Optimize your Data Warehouse with Tamr.
By Ihab Ilyas, Professor,
Cheriton School of Computer Science, University of Waterloo
With the growing popularity of Hadoop several organizations have been creating Data Lakes, where they store data derived from structured and unstructured data sources in its raw format. At the same time, they invest in building a Data Warehouse that contains the same data in a schema and format that can be analyzed by a Business Intelligence tool, and used by Data Scientists and Business Analysts. However they struggle with connecting and transforming the data to the right format without significant cost and time investment.
Data Lakes emerge; data curation still required
Hadoop has helped organizations significantly reduce the cost of data processing by spreading work over clusters built on commodity hardware, and the ability to host massive amount of heterogeneous and diverse data sets.
Hadoop as a Cheap Data Warehouse for “Cold” Data
Hadoop enables organizations to avoid putting all data into the DW; instead they can move cold data (data that has not been used for a while) into the data lake as a cheaper alternative to the expensive data warehouse stack. Only clean, curated and “hot” data remain in the DW to cater for the various analytics and applications. While the economy of the solution is well justified, it fails to address the ongoing operation of handling an increasing number of data sources everyday; new data can: (1) Augment and enrich the information of what the organization classifies as hot and operational; (2) Constitute a new data source that need to be fed into the current analytics pipeline; or (3) can be part of the enterprise “Cold” data with no immediate effect on the business Intelligence stack.
Here is the dilemma in using Hadoop as a cheap data warehouse: Data can only be classified as Hot or Cold based on usage patterns in the data warehouse. Classifying new data as “hot” or “cold” cannot possibly happen before this data is fully curated and integrated/linked with the existing data set. Curation is a precursor and a necessary condition for a meaningful analytics., hence curating new data sources before classifying it as important or not is inevitable.

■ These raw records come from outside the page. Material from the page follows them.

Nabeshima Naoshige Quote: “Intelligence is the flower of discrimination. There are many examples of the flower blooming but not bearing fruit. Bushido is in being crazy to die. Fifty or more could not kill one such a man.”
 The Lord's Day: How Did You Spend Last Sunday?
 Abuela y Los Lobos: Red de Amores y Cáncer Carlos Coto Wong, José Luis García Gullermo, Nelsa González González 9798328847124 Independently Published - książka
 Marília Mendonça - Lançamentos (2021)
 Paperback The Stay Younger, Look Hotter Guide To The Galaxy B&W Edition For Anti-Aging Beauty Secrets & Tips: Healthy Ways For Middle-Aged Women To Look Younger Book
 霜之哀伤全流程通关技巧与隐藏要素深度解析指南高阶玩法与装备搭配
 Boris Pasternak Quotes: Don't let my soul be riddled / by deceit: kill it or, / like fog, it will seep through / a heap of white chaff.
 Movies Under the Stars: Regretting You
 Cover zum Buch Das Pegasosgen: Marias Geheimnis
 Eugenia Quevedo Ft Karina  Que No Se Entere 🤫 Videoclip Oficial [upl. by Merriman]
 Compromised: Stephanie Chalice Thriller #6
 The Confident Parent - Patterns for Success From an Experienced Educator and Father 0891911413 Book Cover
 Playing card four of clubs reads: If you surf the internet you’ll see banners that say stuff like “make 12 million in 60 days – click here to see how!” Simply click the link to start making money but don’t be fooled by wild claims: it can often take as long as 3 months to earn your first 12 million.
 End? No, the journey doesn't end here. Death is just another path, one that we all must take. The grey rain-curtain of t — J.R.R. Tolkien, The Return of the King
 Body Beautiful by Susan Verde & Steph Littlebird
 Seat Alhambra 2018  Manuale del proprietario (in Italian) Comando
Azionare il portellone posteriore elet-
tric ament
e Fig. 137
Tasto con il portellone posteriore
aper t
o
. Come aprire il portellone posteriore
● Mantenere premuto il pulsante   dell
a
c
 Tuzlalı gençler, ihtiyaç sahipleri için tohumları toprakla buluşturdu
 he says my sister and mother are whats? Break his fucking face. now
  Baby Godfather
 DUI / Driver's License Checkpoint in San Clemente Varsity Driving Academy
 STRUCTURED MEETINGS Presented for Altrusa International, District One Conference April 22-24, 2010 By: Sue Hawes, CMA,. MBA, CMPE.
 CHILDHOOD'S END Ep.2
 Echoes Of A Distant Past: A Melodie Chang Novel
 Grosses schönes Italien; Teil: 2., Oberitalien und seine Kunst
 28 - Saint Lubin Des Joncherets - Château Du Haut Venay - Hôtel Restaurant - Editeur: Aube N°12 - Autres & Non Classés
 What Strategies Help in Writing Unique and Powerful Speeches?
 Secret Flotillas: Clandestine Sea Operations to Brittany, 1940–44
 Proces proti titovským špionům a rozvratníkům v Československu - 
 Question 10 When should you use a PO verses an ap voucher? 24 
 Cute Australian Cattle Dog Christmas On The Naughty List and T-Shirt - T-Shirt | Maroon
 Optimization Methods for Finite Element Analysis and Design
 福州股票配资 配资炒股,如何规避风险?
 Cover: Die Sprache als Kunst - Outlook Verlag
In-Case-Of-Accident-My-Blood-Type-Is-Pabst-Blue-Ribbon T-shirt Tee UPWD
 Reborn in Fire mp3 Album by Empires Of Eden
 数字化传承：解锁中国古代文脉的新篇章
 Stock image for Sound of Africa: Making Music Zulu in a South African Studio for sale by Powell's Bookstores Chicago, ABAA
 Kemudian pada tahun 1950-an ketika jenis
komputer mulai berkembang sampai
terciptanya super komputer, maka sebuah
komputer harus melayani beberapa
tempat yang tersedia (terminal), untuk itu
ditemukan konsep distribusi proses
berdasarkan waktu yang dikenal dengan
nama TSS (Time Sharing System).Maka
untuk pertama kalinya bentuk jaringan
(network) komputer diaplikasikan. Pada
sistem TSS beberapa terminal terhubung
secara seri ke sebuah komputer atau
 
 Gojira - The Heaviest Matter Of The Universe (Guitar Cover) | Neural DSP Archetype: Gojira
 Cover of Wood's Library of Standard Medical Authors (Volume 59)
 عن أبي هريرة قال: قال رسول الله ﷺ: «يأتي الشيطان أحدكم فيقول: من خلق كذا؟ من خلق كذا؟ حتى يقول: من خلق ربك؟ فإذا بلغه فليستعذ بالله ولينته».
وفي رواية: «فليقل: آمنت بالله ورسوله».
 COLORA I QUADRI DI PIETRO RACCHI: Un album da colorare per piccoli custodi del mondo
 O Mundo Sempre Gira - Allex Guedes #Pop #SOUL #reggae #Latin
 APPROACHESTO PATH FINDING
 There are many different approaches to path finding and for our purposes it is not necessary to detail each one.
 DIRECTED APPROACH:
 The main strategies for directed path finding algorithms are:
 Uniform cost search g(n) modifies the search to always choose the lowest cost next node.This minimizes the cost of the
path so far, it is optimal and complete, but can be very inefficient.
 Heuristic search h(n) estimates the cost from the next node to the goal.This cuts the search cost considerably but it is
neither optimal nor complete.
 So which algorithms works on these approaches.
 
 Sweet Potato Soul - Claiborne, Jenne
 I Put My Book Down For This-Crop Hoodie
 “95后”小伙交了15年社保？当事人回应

Does that mean we maintain a DW for all data to carry out the integration in a normal ETL manner? Doesn’t that defeat the purpose of a DW only for hot and curated data?
Curation is also very expensive; in fact it almost certainly dominates storage and other optimizations issues.
Imagining that curation can happen on-the-fly while moving data around between the lake and the data warehouse is a huge oversimplification.
Ingesting Data into the Lake; the Case for Continuous Data Curation
Using Hadoop and the concept of data lakes side by side with business intelligence and DW stacks requires fundamental shift on how we see ETL. Hadoop will be the front line in ingesting all sorts of data sources, often in raw and heterogeneous formats. This schema-less or partial schema data often wait in this swamp till heavy-weight ETL processes make sense of it and try to fit in the various analytics schema in the BI stack. Business changes, schema evolution, and various technology upgrades render large chunks of the curation and integration work (The T in the ETL) simply unusable.
Do we need to fully understand the analytics and the reporting requirements before starting making sense in the growing data in the lake? Can we really afford to postpone integration and curation till we understand the business needs (that might come with timing constraints)?
The lake provides a huge opportunity for a bottom-up continuous curation and connecting exercise that links these bits and pieces all the time. Data curation in the lake can discover relationships and schemas the enterprise itself was not aware of.
The result is a much smaller overhead and a much cheaper and quicker way to move cold (now curated) data into the hot DW. Data lakes don’t have to be swamps, they can be the opportunity to extract value from data by continuously connecting related pieces and discovering meaningful schemas.